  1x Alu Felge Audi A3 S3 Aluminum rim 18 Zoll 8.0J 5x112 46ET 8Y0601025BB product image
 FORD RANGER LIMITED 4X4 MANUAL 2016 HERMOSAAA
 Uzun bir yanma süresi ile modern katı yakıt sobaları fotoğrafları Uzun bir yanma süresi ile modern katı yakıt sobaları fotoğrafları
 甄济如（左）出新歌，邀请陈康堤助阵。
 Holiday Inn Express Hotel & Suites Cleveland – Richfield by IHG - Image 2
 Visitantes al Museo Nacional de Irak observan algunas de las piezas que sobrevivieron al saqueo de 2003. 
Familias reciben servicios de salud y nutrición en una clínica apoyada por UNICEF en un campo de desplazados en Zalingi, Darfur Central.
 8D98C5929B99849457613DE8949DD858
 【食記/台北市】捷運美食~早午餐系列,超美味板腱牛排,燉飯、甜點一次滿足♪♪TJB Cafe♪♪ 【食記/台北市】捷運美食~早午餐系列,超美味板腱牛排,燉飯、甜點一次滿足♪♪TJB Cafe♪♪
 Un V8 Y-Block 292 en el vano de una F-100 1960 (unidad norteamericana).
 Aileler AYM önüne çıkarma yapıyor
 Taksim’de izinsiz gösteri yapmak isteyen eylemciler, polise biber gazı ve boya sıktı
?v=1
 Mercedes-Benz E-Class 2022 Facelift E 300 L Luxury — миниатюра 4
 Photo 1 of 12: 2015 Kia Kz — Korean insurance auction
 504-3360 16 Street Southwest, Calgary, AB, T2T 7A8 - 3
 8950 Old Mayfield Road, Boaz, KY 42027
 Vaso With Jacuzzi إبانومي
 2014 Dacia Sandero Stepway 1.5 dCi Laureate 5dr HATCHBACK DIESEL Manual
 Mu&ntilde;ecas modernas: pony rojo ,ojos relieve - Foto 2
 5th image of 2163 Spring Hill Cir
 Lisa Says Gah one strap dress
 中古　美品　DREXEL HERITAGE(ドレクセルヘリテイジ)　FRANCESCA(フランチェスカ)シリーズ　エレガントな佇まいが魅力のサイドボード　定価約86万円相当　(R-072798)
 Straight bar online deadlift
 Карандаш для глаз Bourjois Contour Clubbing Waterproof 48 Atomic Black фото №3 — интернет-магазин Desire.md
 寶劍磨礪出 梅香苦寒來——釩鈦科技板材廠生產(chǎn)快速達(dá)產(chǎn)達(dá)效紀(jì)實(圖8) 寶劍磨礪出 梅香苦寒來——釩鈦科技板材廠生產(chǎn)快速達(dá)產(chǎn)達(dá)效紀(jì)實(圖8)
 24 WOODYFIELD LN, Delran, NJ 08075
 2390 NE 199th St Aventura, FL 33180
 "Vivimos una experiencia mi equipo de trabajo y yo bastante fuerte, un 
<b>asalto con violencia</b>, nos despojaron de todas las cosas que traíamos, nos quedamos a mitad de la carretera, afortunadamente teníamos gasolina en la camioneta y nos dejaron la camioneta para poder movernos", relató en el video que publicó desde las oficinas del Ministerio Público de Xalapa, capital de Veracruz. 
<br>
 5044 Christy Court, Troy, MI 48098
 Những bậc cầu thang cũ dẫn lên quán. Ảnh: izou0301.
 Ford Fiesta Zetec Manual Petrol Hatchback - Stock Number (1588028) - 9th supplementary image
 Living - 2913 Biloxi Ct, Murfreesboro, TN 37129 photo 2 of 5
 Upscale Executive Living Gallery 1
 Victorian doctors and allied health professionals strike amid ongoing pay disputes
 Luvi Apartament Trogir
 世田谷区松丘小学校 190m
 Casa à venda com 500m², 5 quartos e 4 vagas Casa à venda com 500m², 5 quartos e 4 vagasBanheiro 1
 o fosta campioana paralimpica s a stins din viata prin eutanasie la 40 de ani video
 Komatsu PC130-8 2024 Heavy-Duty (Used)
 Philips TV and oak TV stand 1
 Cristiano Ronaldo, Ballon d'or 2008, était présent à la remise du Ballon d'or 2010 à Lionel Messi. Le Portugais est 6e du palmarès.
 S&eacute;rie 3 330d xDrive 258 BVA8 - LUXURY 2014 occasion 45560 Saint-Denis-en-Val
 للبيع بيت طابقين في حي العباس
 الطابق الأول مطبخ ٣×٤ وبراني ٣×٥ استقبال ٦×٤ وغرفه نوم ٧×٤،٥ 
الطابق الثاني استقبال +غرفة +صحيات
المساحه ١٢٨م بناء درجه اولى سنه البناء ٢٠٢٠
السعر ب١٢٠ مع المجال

___

- Task objective: Every line above must be reproduced exactly as it stands.

- Your response:
  1x Alu Felge Audi A3 S3 Aluminum rim 18 Zoll 8.0J 5x112 46ET 8Y0601025BB product image
 FORD RANGER LIMITED 4X4 MANUAL 2016 HERMOSAAA
 Uzun bir yanma süresi ile modern katı yakıt sobaları fotoğrafları Uzun bir yanma süresi ile modern katı yakıt sobaları fotoğrafları
 甄济如（左）出新歌，邀请陈康堤助阵。
 Holiday Inn Express Hotel & Suites Cleveland – Richfield by IHG - Image 2
 Visitantes al Museo Nacional de Irak observan algunas de las piezas que sobrevivieron al saqueo de 2003. 
Familias reciben servicios de salud y nutrición en una clínica apoyada por UNICEF en un campo de desplazados en Zalingi, Darfur Central.
 8D98C5929B99849457613DE8949DD858
 【食記/台北市】捷運美食~早午餐系列,超美味板腱牛排,燉飯、甜點一次滿足♪♪TJB Cafe♪♪ 【食記/台北市】捷運美食~早午餐系列,超美味板腱牛排,燉飯、甜點一次滿足♪♪TJB Cafe♪♪
 Un V8 Y-Block 292 en el vano de una F-100 1960 (unidad norteamericana).
 Aileler AYM önüne çıkarma yapıyor
 Taksim’de izinsiz gösteri yapmak isteyen eylemciler, polise biber gazı ve boya sıktı
?v=1
 Mercedes-Benz E-Class 2022 Facelift E 300 L Luxury — миниатюра 4
 Photo 1 of 12: 2015 Kia Kz — Korean insurance auction
 504-3360 16 Street Southwest, Calgary, AB, T2T 7A8 - 3
 8950 Old Mayfield Road, Boaz, KY 42027
 Vaso With Jacuzzi إبانومي
 2014 Dacia Sandero Stepway 1.5 dCi Laureate 5dr HATCHBACK DIESEL Manual
 Mu&ntilde;ecas modernas: pony rojo ,ojos relieve - Foto 2
 5th image of 2163 Spring Hill Cir
 Lisa Says Gah one strap dress
 中古　美品　DREXEL HERITAGE(ドレクセルヘリテイジ)　FRANCESCA(フランチェスカ)シリーズ　エレガントな佇まいが魅力のサイドボード　定価約86万円相当　(R-072798)
 Straight bar online deadlift
 Карандаш для глаз Bourjois Contour Clubbing Waterproof 48 Atomic Black фото №3 — интернет-магазин Desire.md
 寶劍磨礪出 梅香苦寒來——釩鈦科技板材廠生產(chǎn)快速達(dá)產(chǎn)達(dá)效紀(jì)實(圖8) 寶劍磨礪出 梅香苦寒來——釩鈦科技板材廠生產(chǎn)快速達(dá)產(chǎn)達(dá)效紀(jì)實(圖8)
 24 WOODYFIELD LN, Delran, NJ 08075
 2390 NE 199th St Aventura, FL 33180
 "Vivimos una experiencia mi equipo de trabajo y yo bastante fuerte, un 
<b>asalto con violencia</b>, nos despojaron de todas las cosas que traíamos, nos quedamos a mitad de la carretera, afortunadamente teníamos gasolina en la camioneta y nos dejaron la camioneta para poder movernos", relató en el video que publicó desde las oficinas del Ministerio Público de Xalapa, capital de Veracruz. 
<br>
 5044 Christy Court, Troy, MI 48098
 Những bậc cầu thang cũ dẫn lên quán. Ảnh: izou0301.
 Ford Fiesta Zetec Manual Petrol Hatchback - Stock Number (1588028) - 9th supplementary image
 Living - 2913 Biloxi Ct, Murfreesboro, TN 37129 photo 2 of 5
 Upscale Executive Living Gallery 1
 Victorian doctors and allied health professionals strike amid ongoing pay disputes
 Luvi Apartament Trogir
 世田谷区松丘小学校 190m
 Casa à venda com 500m², 5 quartos e 4 vagas Casa à venda com 500m², 5 quartos e 4 vagasBanheiro 1
 o fosta campioana paralimpica s a stins din viata prin eutanasie la 40 de ani video
 Komatsu PC130-8 2024 Heavy-Duty (Used)
 Philips TV and oak TV stand 1
 Cristiano Ronaldo, Ballon d'or 2008, était présent à la remise du Ballon d'or 2010 à Lionel Messi. Le Portugais est 6e du palmarès.
 S&eacute;rie 3 330d xDrive 258 BVA8 - LUXURY 2014 occasion 45560 Saint-Denis-en-Val
 للبيع بيت طابقين في حي العباس
 الطابق الأول مطبخ ٣×٤ وبراني ٣×٥ استقبال ٦×٤ وغرفه نوم ٧×٤،٥ 
الطابق الثاني استقبال +غرفة +صحيات
المساحه ١٢٨م بناء درجه اولى سنه البناء ٢٠٢٠
السعر ب١٢٠ مع المجال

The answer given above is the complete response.